As with the rest of the pilot, we are taking a phased approach to including preprint servers. Right now, as we’re using the COVID-19 Portfolio tool for preprint identification, we’re looking at the servers they are currently indexing.
How will preprints be labeled & linked to their final articles?
Having a clear indicator that a record is a preprint – and context for what this means – is incredibly important to us. PMC and PubMed are accessed by the general public as well as researchers, and we want to be transparent about the types of article content we are making available.
Both PMC and PubMed will have large green info banners on preprint records that clearly identify the articles as preprints. The preprint banners will include text indicating the papers have not been peer reviewed. We’ll also be using indicators of preprint status within the citations, much like we do with ahead-of-print records and author manuscripts. All preprint records will link to further information about the pilot for additional context.
As for linking to a final published article from a preprint (and vice versa), we’re exploring a few mechanisms and resources for identifying these links. When the link is already available in the published article metadata or when we can confidently identify these links on title, author list, and abstract, we’ll provide the related article link in the standard place for related content for each database.

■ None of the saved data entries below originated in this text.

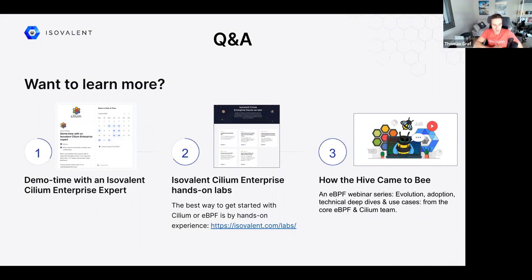Thank you very much for joining this webinar. For more information, check out the links provided. Join the Cilium Slack at cilium.io — you can get in contact with the team, developers, and reach out for follow-up questions. Looking forward to the next release webinar for Cilium 1.13. Thanks everyone!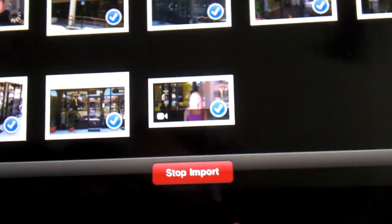I don't want to stop the import — it's working to move those videos over. Hopefully you guys got a pretty good idea of how to do that.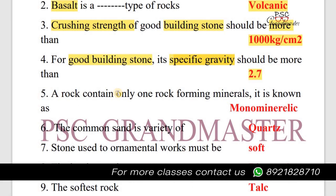Next question: A rock contains only one rock-forming mineral. It is known as a monomineralic rock.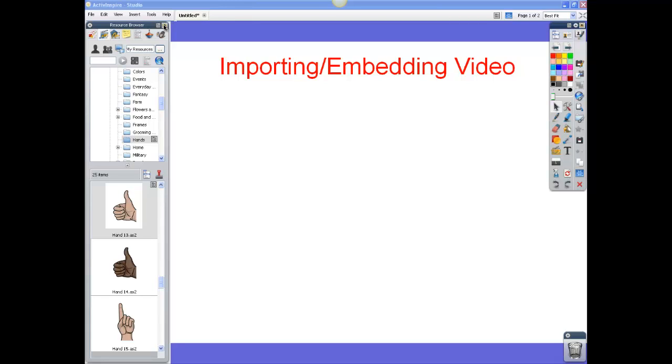This video is going to show you how to embed and import video into your flip chart. First thing I want to do is show you how to import video.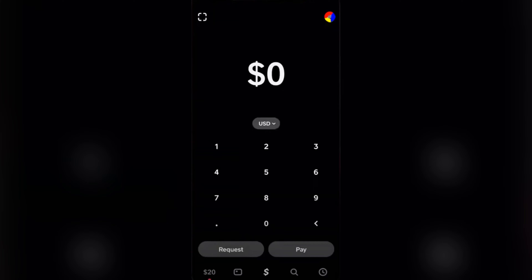What is up guys, it's your boy Josh. So for today I'm going to be teaching you on how to add your elite paycheck credit card to your Cash App.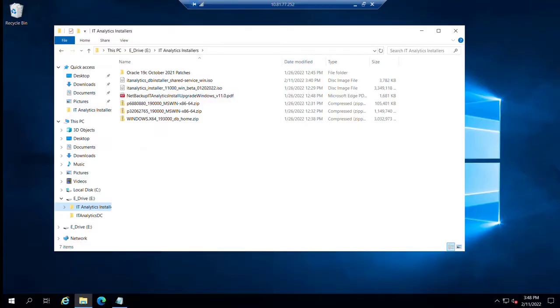In this video, we're going to demonstrate how to install the Oracle binaries associated with a bring your own license with Oracle, where the customer will be providing their Oracle license.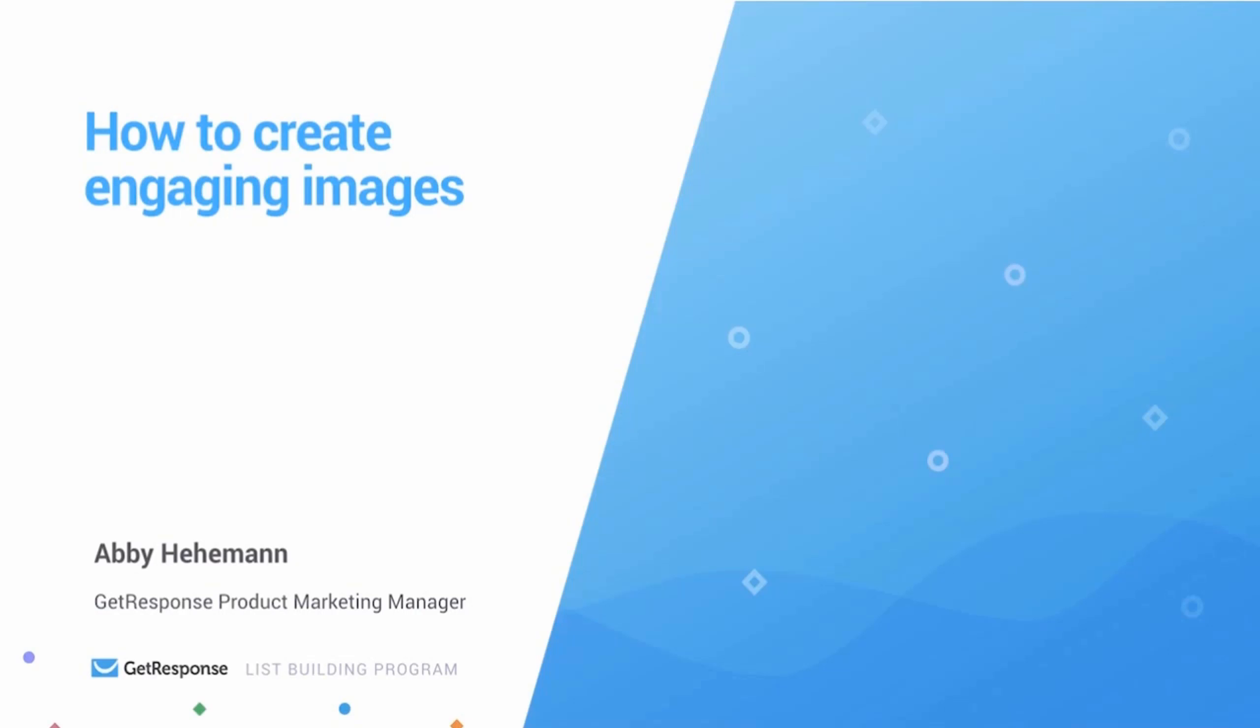We're going to talk about how to make professional quality images, infographics, and GIFs.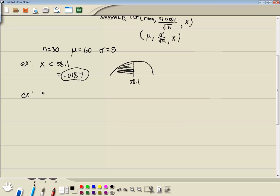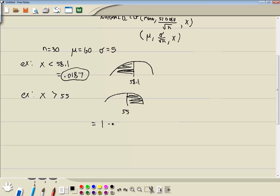Let's look at our second example: x is greater than 55. Here's 55 — greater than would be shaded to the right. The HP Prime is based upon the area to the left, so this won't work directly. We have to rewrite it as one minus the area to the left of 55. If you think about it, one is the entire normal distribution curve shaded, and if you subtract off the area to the left of 55, that leaves you the area to the right, which is what we want.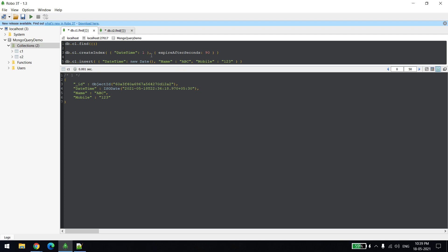First I will explain, if you want to delete any particular record after some seconds, the value has to be in seconds. For example, if you want to delete after seven days, then you convert that seven days into those many seconds.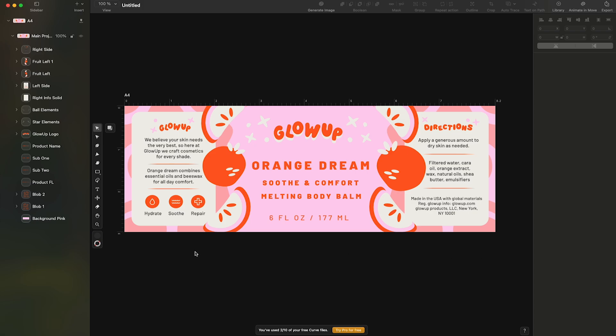And there you have it ladies and gentlemen, we just created a product label from start to finish. We covered brainstorming, creating custom elements, the importance of refining, and how to export for print. If you found this video helpful and want to create your very own product label, be sure to sign up at the link in the description down below for discounted pricing. Thank you so much for your time and I'll see you in the next video.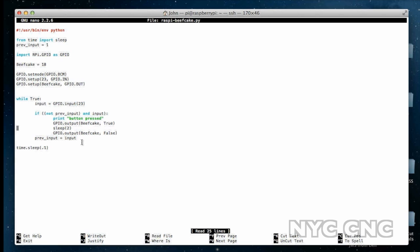Sleep pauses for two seconds, and then we turn it back off, and then we set the previous input to this input. If you don't debounce the button when you push it, the Raspberry Pi will think you've actually pushed the button quite a few times.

How will the pilot be evaluated, and what do you hope to learn from it?
At the most basic level, we’ll want to see evidence that we’re meeting the NIH goal of increasing the discoverability of preprints, i.e.: Are preprints discoverable in search results? Are they accessed? Are they cited?
Additionally, we hope to cultivate a greater awareness and understanding of preprints as a research product. We are interested in whether increased discoverability seems to change preprint sharing practice (e.g., more people posting preprints) and if it has an impact on the licensing of preprints and acknowledgment of support by NIH investigators.
Finally, we want to administer this pilot in a way that ensures continued trust in NLM resources and supports responsible scientific communications, so any evaluation that we do will also consider the feedback we receive via email, social media, and word of mouth.
NLM committed in its 2017-2027 Strategic Plan to anticipating developments such as preprints and novel ways of organizing articles, with the ultimate goal of accelerating discovery and advancing health. This pilot offers an opportunity to begin to explore what this commitment could look like in practice and inform future NLM efforts around preprints.
How would you like to see preprints used in the future?
Right now, there is so much dialogue – rightfully so – around the role preprints are playing in sharing COVID-19 research. For me, the question looking into the future is how can we build on this accelerated discovery and open sharing of results across cancer research and opioid research and Alzheimer’s research (the list goes on) to improve human health across the spectrum? This is our mission at NIH, and we want to see if preprints are an effective way to do that.
Also, as a national library, we’re very cognizant at NLM of the fact that we aren’t just collecting research for today’s researchers. We’re building collections that will be of value decades and centuries into the future. So if we can get to a place where our collections can reflect a scholarly ecosystem and open scholarly dialogue, where early research results are openly shared as preprints alongside the supporting data and then later linked to the published journal article with the relevant peer review documents, that feels like a huge win to me both in the here and now and for future researchers and readers.